▶ WORK INSTRUCTION
Show every line in the entries below where the word "villa" appears.

++++ EXTRACTED ENTRIES

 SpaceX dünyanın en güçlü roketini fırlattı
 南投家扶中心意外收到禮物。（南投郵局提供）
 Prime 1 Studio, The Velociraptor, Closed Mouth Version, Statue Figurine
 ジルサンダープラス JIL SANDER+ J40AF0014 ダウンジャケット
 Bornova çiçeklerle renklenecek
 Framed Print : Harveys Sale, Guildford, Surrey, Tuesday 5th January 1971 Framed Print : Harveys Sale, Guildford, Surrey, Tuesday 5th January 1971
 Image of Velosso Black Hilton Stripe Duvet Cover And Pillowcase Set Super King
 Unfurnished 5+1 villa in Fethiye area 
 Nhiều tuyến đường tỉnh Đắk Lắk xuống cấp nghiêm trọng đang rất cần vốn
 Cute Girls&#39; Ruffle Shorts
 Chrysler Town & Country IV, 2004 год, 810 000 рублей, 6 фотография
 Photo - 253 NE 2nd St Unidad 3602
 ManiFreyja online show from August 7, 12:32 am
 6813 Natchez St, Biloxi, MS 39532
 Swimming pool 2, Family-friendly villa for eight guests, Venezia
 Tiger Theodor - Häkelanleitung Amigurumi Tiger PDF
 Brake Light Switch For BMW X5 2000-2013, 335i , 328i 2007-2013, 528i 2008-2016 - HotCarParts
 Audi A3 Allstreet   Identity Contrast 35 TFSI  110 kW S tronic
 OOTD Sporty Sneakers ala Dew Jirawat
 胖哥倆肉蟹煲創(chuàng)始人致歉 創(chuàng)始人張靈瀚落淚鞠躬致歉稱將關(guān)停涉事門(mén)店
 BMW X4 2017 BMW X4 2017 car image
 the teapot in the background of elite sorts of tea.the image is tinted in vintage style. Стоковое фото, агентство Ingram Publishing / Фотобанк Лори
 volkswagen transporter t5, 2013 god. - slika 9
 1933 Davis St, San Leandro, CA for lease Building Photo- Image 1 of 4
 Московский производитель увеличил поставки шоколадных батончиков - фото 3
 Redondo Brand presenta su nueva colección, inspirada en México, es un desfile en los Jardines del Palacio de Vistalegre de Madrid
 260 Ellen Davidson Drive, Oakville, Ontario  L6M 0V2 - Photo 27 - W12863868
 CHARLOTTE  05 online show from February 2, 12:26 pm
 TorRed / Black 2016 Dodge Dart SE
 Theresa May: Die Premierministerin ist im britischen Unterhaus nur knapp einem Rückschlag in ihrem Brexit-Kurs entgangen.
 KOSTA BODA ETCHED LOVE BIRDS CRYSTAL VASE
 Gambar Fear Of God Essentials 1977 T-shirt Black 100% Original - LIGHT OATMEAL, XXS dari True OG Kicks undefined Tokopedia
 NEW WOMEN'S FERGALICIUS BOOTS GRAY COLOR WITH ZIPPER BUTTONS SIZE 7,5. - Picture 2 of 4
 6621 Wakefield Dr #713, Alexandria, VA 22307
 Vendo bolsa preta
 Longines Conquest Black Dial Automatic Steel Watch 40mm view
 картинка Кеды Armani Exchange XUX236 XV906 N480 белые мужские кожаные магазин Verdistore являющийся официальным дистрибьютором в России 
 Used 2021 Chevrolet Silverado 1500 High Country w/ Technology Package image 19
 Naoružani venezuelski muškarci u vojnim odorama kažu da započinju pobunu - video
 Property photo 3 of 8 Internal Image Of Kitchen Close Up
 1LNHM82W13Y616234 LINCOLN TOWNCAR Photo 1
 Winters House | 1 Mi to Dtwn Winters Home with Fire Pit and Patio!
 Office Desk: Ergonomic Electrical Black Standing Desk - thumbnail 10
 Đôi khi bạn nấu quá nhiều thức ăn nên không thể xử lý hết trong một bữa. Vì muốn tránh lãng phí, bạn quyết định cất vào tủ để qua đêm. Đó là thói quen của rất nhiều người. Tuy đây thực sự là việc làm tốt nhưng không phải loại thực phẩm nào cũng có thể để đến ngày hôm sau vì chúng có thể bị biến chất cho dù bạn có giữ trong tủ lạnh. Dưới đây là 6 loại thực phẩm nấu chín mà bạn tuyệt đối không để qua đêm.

++++++++

▶ RESULT BELOW
 Unfurnished 5+1 villa in Fethiye area 
 Swimming pool 2, Family-friendly villa for eight guests, Venezia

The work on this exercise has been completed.